Was der genau macht weiss ich nicht, aber kann gut sein, dass der die Lebensdauer optimiert.
Im grunde macht er ja nur eins: Wenn er merkt dass eine zelle bald ihre 100.000 voll hat schaut er welche datei er bisher selten bis nie neu schreiben musste, z.B. eine Windows-Datei, die nach der installation nie mehr bewegt wird. Die schreibt er dann in die abgenuzte zelle, und damit wird eine zelle feri, die praktisch noch 100.000 Zyklen frei hat.

Jo, aber er verbessert sich gottseidank immer mehr, und irgendwann werden sie soviele zyklen haben dass sie vorher weggeschmissen werden weil sie zu klein sind-hoff ich^^

Same here-v.a. meine Ganzen filme und videos sind auch langsamdrehenden 5400er platten ausgelagert, weil ich die selten brauch und nen Film zu laden schafft selbst die langsamste platte.

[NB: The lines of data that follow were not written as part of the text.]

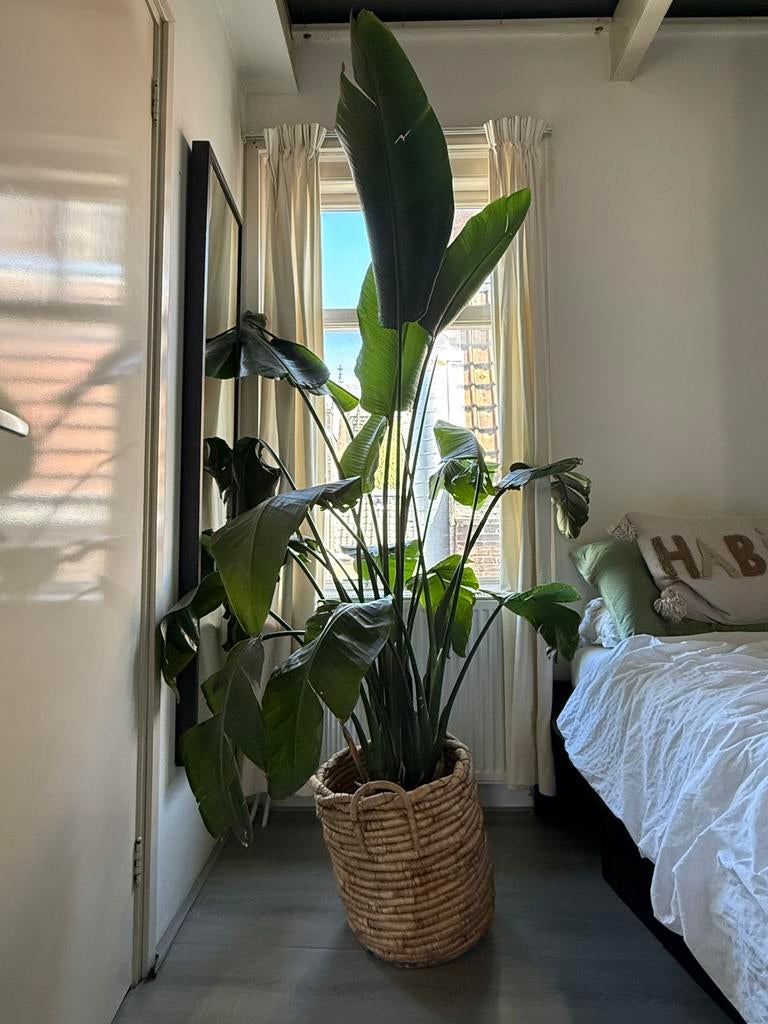 Grote Strelitzia Nicolai met nieuwe bladeren in Utrecht, Huis en Inrichting, Kamerplanten, Ophalen, Overige soorten, Halfschaduw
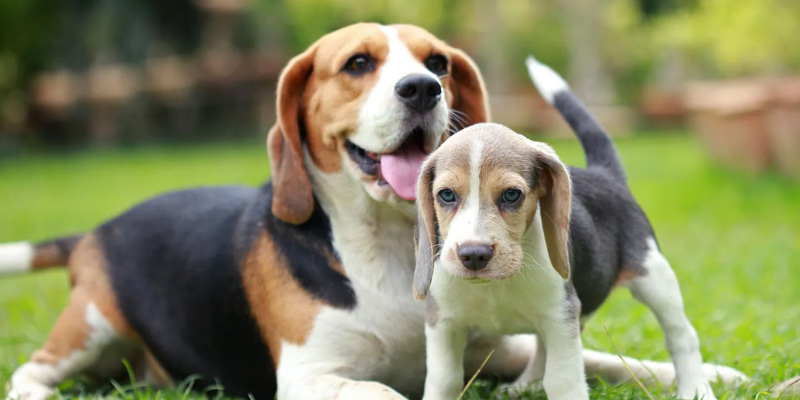 Un piccolo cucciolo di Beagle con la sua mamma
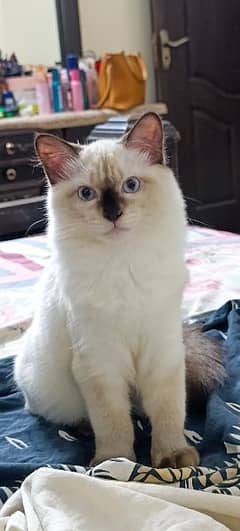 Siamese cat for Sale age 6 months, male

Bei nem preis von ca. 50ct/gb muss ich nicht 1TB Filme drauf speichern^^ Hald windows und die programme...

Dass die hersteller immernoch i.d.r in GB und nicht in Gibi angeben... Nuje muss man sich wohl mit abfinden, wobei bei ner TB platte statt 1024 nur 931GB sind,die bescheissen praktisch um fast 10%...


----------